Part of the problem, he says, is that juries may not view these cases against funders as seriously as those against would-be combatants such as Jose Padilla, the U.S. citizen convicted last August by a federal jury of plotting to aid al Qaeda in attacks overseas. (Padilla was originally accused of a so-called “dirty bomb” plot within the U.S., that charge was not part of the indictment against him.)
“The cases are less riveting when they involve wire transfers and not explosives and guns,” said Osen. “Also, so much of terror financing is done through fronts and charitable dummy organizations, so it is a much more complicated story to tell.”
Another lawyer in the Boim case added that a further obstacle is the limitations of the legal system’s reach. “What is not appreciated is that the core evidence is in the hands of people who are well beyond the U.S. judicial system,” said Steven Landes. “A perfect example is our effort to prove that Hamas killed David Boim.
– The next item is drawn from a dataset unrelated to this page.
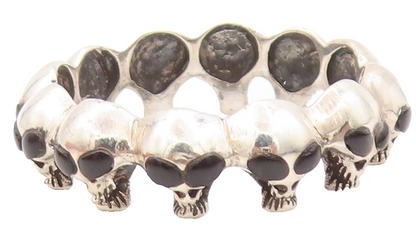925 Sterling Silver Vintage Ring Onyx Eyed Alien Heads Cut Band Sz 14.5  RG32808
Hamas admits on a Web site that one of its recently deceased leaders was the commander of the ‘operation’ that murdered David. But the court was concerned that we could not offer the Webmaster as a witness.
“We had FBI reports of a major Hamas conference in the U.S. that made the connection clear but this was also discounted. Were we supposed to call Sheik Yassin?”
Proving an actual connection between dollars raised for Hamas and a particular act of violence by that group could prove an insurmountable obstacle, said American Jewish Congress counsel Marc Stern. “To attempt to actually connect dots from the dollar to the bullet, that would in fact be very difficult,” he said. “You can read the opinion in two different ways: One is that [the courts] really don’t like these cases and they are going to make them impossible to bring, and the other is we are saying, ‘Look, we have no objection but you have to follow the same directions as elsewhere, bring a little bit of proof, give us something to hang our hat on.’ ”
But Lewin says it is unwise and unrealistic, even harmful, to hold anti-terror litigation to the same standards as other cases.
“Terrorism lawsuits are not like environmental or domestic product-safety litigation that is subject to all the usual procedural rules applicable in domestic lawsuits, and I’m astounded that the Seventh Circuit panel didn’t realize that,” he said. “What is needed is some real-life practitioners who can appreciate the difficulties of real-life litigation and how impossible it would be to apply all the defense-protection principles to lawsuits against those who are intent on destroying the system of law in the United States.
“Most appropriate is [late Supreme Court Justice Robert H. Jackson’s] remark that the Constitution is not a suicide pact.”